Hilde Bjornland (BI Norwegian Business School) also looked at the longer term, explaining that management of natural resource wealth should be seen as part of a strategy for sustainable, inclusive and broad-based growth. While the fiscal rule adopted in her native Norway has not managed fully to shelter the economy from oil price fluctuations, the goal of saving resource revenue for future usage has been accomplished. Her findings highlight the strengths and weaknesses of the fiscal framework adopted in resource-rich economies.

Hanan Morsy (European Bank for Reconstruction and Development) discussed the challenges of structural transformation. Diversifying away from oil is difficult, she noted, and it takes a long time. Success hinges on adopting appropriate policies ahead of the decline in oil revenues – and what worked for the few successful diversification cases (Indonesia, Malaysia and Mexico) may not work now.

Sovereign wealth funds

Another group of speakers focused on sovereign wealth funds. One study by ERF managing director Ibrahim Elbadawi and colleagues explored the potential role of these funds in supporting macroeconomic policy and helping to break the link between resources windfalls and government expenditures that exacerbates cycles of boom and bust.

Another study by Elbadawi and colleagues examined why cross-border investments by these funds within the Arab region are relatively low: the answer lies in the poor quality of economic governance institutions in potential recipient countries. With what is expected to be stiff competition for the resources of sovereign wealth funds under the ‘new global oil order’, capital-scarce Arab economies must significantly improve those institutions.

A new global order

Chairing the final policy panel, Mustapha Nabli (North Africa Bureau of Economic Studies and ERF) pulled together some of the threads running through the conference.
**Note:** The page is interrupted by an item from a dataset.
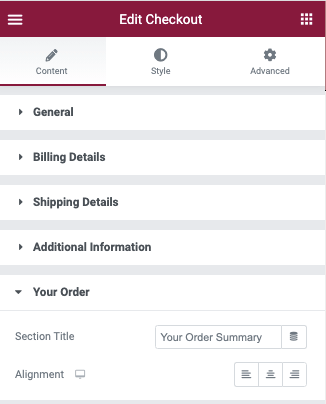 Woo Checkout Your Order WooCommerce Checkout widget 9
The world is changing in fundamental ways, he said, and that is not appreciated as much as it should be in the Arab region. In countries where there is consciousness of the new global order and when politics allows, there has been a first wave of relatively easy, technical reforms. But a next generation of reforms is needed that is much more fundamental: of institutions, governance, transparency, accountability and society at large.